[HN Gopher] Amazon Managed Service for Prometheus
       ___________________________________________________________________
        
       Amazon Managed Service for Prometheus
        
       Author : pdelgallego
       Score  : 115 points
       Date   : 2020-12-15 17:47 UTC (5 hours ago)
        
 (HTM) web link (aws.amazon.com)
 (TXT) w3m dump (aws.amazon.com)
        
       | pickledish wrote:
       | 14 cents per "query processing minute" sounds like it could add
       | up very fast.

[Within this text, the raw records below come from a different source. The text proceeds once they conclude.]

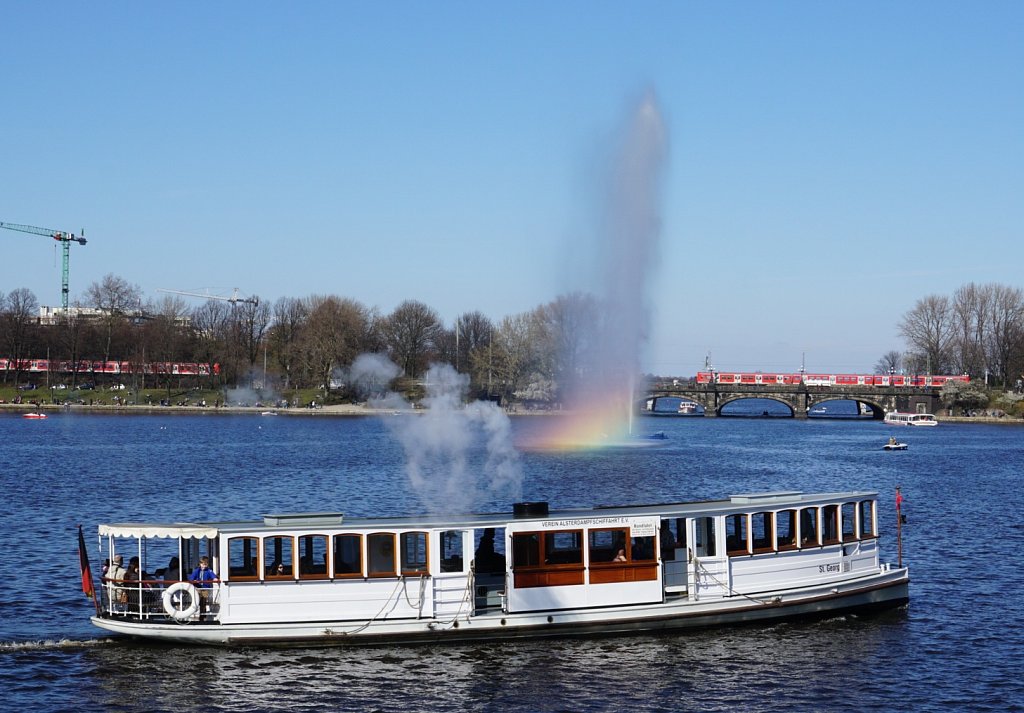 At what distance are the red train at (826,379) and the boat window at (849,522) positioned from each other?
5206 inches

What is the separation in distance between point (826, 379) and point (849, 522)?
470 feet

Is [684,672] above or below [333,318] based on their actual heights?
below

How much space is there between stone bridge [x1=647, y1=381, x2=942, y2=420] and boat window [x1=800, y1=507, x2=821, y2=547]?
149 metres

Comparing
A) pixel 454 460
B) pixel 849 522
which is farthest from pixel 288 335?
pixel 849 522

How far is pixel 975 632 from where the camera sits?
33.6 metres

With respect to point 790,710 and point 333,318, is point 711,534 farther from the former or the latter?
point 333,318

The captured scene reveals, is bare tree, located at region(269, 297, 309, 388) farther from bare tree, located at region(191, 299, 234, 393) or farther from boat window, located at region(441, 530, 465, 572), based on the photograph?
boat window, located at region(441, 530, 465, 572)

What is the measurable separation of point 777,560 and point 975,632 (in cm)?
656

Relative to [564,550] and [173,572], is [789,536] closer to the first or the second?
[564,550]

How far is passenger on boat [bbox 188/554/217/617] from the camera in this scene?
29328 mm

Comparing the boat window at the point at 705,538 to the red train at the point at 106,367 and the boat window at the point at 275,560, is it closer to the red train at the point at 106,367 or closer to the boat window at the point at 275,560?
the boat window at the point at 275,560

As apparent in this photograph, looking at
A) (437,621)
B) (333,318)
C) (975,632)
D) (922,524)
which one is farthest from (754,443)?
(437,621)

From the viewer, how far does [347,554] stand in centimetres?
3006

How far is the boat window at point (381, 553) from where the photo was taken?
2967cm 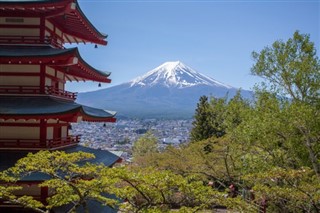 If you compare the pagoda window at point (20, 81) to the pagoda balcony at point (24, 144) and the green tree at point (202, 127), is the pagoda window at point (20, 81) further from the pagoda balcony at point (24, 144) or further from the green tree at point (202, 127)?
the green tree at point (202, 127)

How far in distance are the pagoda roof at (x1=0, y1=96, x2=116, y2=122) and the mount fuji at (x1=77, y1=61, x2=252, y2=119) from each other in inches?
4607

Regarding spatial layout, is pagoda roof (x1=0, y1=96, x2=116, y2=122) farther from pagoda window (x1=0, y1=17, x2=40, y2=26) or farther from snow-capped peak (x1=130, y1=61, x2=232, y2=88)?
snow-capped peak (x1=130, y1=61, x2=232, y2=88)

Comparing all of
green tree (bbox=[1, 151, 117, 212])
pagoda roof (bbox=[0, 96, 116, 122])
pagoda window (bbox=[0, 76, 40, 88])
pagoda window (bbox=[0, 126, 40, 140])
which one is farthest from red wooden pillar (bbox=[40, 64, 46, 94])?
green tree (bbox=[1, 151, 117, 212])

Prom queries can get somewhat complex and it's not
       | rare at all IME to have a dashboard making several multi-second
       | queries per load (whether that falls into "you're using
       | Prometheus wrong" being a separate discussion of course)
       | 
       | Edit: The example from their pricing page:
       | 
       | > We will assume you have 1 end user monitoring a dashboard for
       | an average of 2 hours per day refreshing it every 60 seconds with
       | 20 chart widgets per dashboard (assuming 1 PromQL query per
       | widget)... assuming 18ms per query for this example.
       | 
       | Comes out to over $3 per month in query costs. Replace this 1
       | person with a TV showing the dashboard all day, and the cost
       | jumps to $36, for just one dashboard and (again IME) overly fast
       | query estimates... o.O
        
         | edoceo wrote:
         | Now do six dashboards, 10 widgets each, multiple viewers,
         | 18h/day and one slowish query on each dashboard. Seems like we
         | get to hundred+ pretty quick
        
           | bboreham wrote:
           | Caching means that multiple viewers cost very little extra.
           | 
           | (I am a Cortex maintainer)
        
         | gravypod wrote:
         | Does it put any limits on cardinality of metrics? Grafana
         | cloud's offering was absolutely awful for my use cases. They
         | charge per-series so if you have metrics with a "pod=..." label
         | your prices go through the roof.
        
           | valyala wrote:
           | Grafana cloud sets high prices for high-cardinality metrics
           | because the underlying system - Cortex - isn't optimized well
           | for storing high number of unique time series. For example,
           | it requires at least 15GB of RAM for processing a million of
           | active time series [1]. This means high infrastructure costs,
           | which increase pricing for end users. Other systems such as
           | VictoriaMetrics require up to 15x lower RAM for the same
           | metrics' cardinality [2].
           | 
           | [1] https://github.com/cortexproject/cortex/blob/67648aabae70
           | f19...
           | 
           | [2] https://victoriametrics.github.io/#capacity-planning
        
           | heliodor wrote:
           | Plenty has been written about not using the
           | server/container/pod id as a label because it leads to high
           | cardinality which leads to poor performance (cost aside).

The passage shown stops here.